Plainfield City, Union County

Plainfield City Hall was designed by Peck & Bottomley in 1917 in the Georgian Revival style and exhibits many of the classically inspired features used in the design of municipal government buildings of this period. The cupola was constructed entirely from terra cotta and had suffered from inappropriate maintenance over the years. While repairs to the building were initiated in 1992, funding limitations postponed the needed cupola work.

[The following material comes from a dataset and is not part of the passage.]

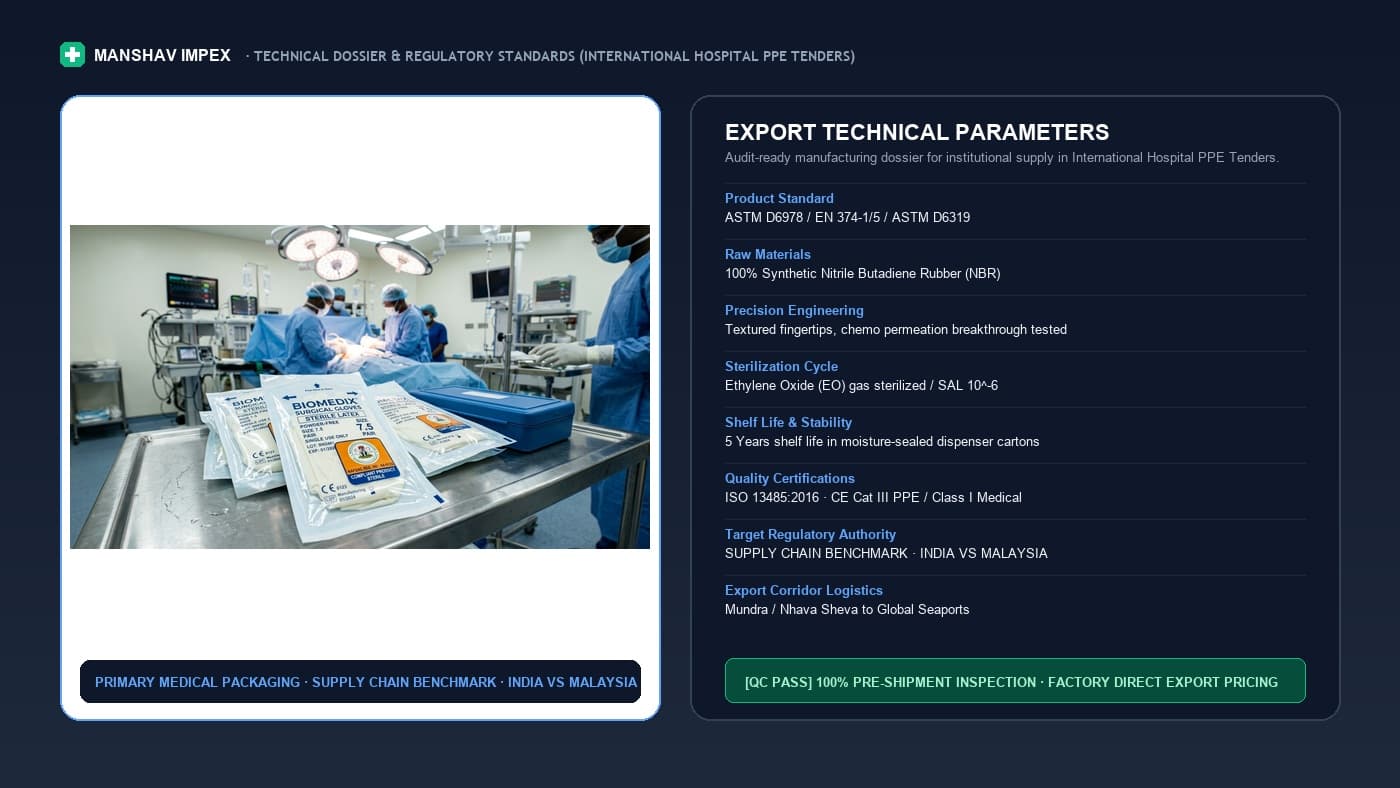 Manshav Impex Medical Nitrile Gloves India vs Malaysia logistics benchmark, freight transit days, and physical properties.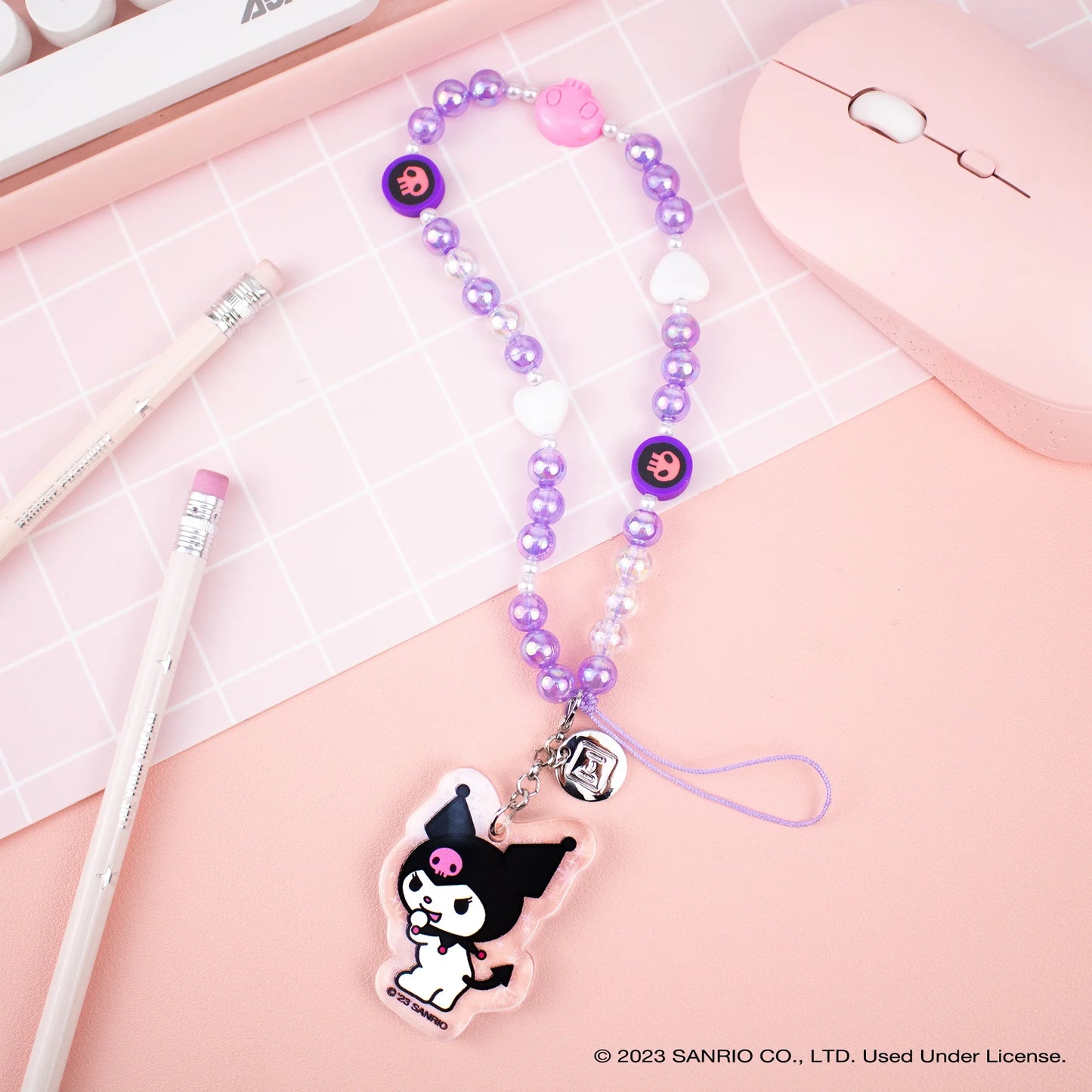 Hello Kitty and Friends Beaded Wristlet Universal Phone Charm Strap - Kuromi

In 1973, the twelve columns, the dome, lantern, and the interior drum were sealed and coated with a rubberized cloth glued onto the cracked and spalled terra-cotta. The cloth was then coated with a proprietary two-part acrylic sealant containing large embedded particles to simulate the appearance of limestone. Imperceptible at a distance, this layered coating looked simply dirty; but up close, this material could not have looked more different than the smooth and glossy surface of the original off-white terra-cotta. The columns themselves had blistered beneath the surface and imbedded ferrous anchors and dowels had melted away. The interior of the columns themselves, which were noted on the drawings to contain continuous steel supports were actually constructed of clinker fill and ash. The base of the dome, also believed to contain a metal armature, was cantilevered from the central drum and rested on the top of the fourteen foot fluted columns.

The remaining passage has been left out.